Sebi wants cash-rich firms to have dividend distribution plan

Pricing pressure is not expected from the promoter groups or other shareholders

Update: 2014-11-28 15:50 GMT
SEBI has streamlined the delisting process via reverse book building

Mumbai: With many big corporates sitting onhuge cash piles, regulator Sebi today said it wants listed companies to have a dividend distribution policy and hoarding  of cash should be discouraged. Sebi Chairman U K Sinha said the regulator is working on a proposal to encourage companies to distribute a certain amount of dividend among shareholders for a certain profit made by them.  He, however, added that this should not mean that the  entire cash should be distributed by the companies. 

"Nobody is asking that the entire cash should be paid, but there should be a dividend policy so there is some amount  of certainty that if a company is making an X percentage of  profit, then so much will be distributed.  "We are working towards it, and will take some time, it is in initial stage," Sinha said here at a conference on  corporate governance. The comments come at a time when a large number of  companies including Infosys, Bajaj Auto and Hero are said to  be sitting on large cash piles. There have often been demands that companies with large cash balances should either  distribute dividend or use the cash for other business needs.  Noting that there is a strong investor sentiment worldwide against companies hoarding cash and being stingy  with dividend payouts, Sinha said Sebi is ‘looking at a method  to incentivise corporate India to have a dividend distribution  policy’. 

"The world over there is a strong demand and that you are  seeing at corporate boards and in annual general meetings  there is strong demand that cash hoarding should be  discouraged," he added.  Pointing out that there is "no declared dividend policy  in the country," Sinha said, shareholders have been demanding  that the regulator ensure that at least there is a dividend  policy. On the new delisting norms announced by the Sebi board last week, Sinha said the endeavor is to relax the regulations  and make it easier for the companies. Countering arguments that the new norms were more stringent than the previous ones, Sinha said, "I think they  have been relaxed.

Earlier, when we came through our takeover regulations, it prescribed that if you reach over 75 per cent  and reach 90 per cent, then to de-list you have to first bring  down your stake below 75 per cent and then you have to file  another paper for delisting. 

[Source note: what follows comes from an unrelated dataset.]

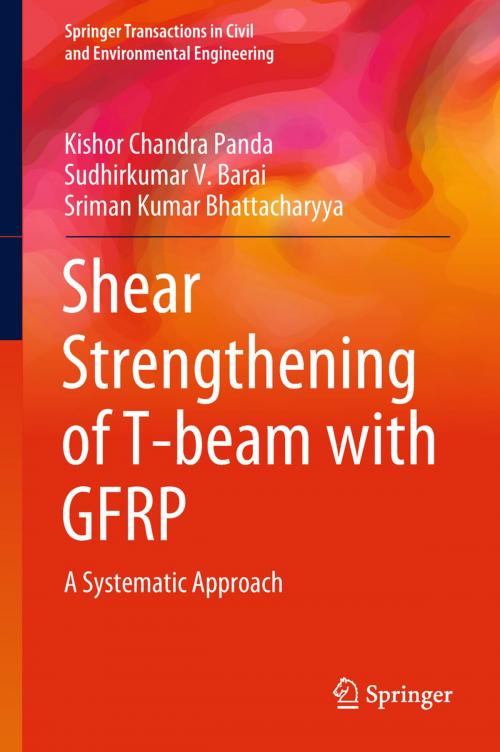 Cover of the book Shear Strengthening of T-beam with GFRP by Kishor Chandra Panda, Sudhirkumar V. Barai, Sriman Kumar Bhattacharyya, Springer Singapore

"There was a two stage process. Don't forget that now in  one stroke we have removed that requirement which means if a  company has decided to get de-listed they can indicate its  willingness right in the beginning. The two stage-process has  been reduced to one stage process now," he said.  Sinha further said that in the new process, there would not be any pricing pressure from the promoter groups or other  shareholders.